I have a permutation of order $20$ and I can make cyclic permutation on it. For example $(3 2 1)$ should be $(2 1 3)$ or $(1 3 2)$. Why we can find a permutation with $2$ fix points in this way?
This is not available for a permutation of order $3$. I have the next context: I have $20$ people on a round table and $20$ papers with their names. I can rotate the table s.t. two of them have the right names?
Partial answer, but too long for a comment.
To have a permutation that you cannot rotate to get two elements right, each element must be displaced by a different amount from its correct location. That is easy to do if the number of elements is odd. Let $1$ be the element that is in its correct location. Then offset each element by one more than the previous one, rolling around the circle at the end. For $9$ elements, the permutation is $(135792468)$. It should be clear how this matches your example for $3$ and any other odd number.

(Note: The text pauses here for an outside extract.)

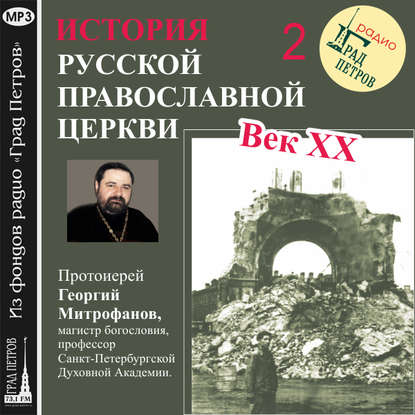 Лекция 2. «Поместный собор» — Протоиерей Георгий Митрофанов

This construction fails for even numbers because when you get done with the odds you get back to $1$. That does not prove there is not some other permutation that satisfies your requirement. We can see it does not work for $4$ by exhausting the cases. Again, let $1$ stay fixed. If $2$ goes to $3$, we cannot have $3$ go to $1$ because $4$ would have to stay fixed. We cannot have $3$ go to $4$ because rotating one step counterclockwise would make both $2$ and $3$ right, so $3$ goes to $2$. But then $4$ must stay fixed and we already have two fixed points. There was nothing special about $2$ going to $3$ so any other choice will run into the same problem.
I suspect the general proof goes through the sum of the displacements. If there are $n$ elements, the sum of the displacements is $\frac 12n(n-1)$. If $n$ is odd, this is divisible by $n$, while if $n$ is even it is not. I can't find the argument to say the sum must be divisible by $n$, but I think it is standard.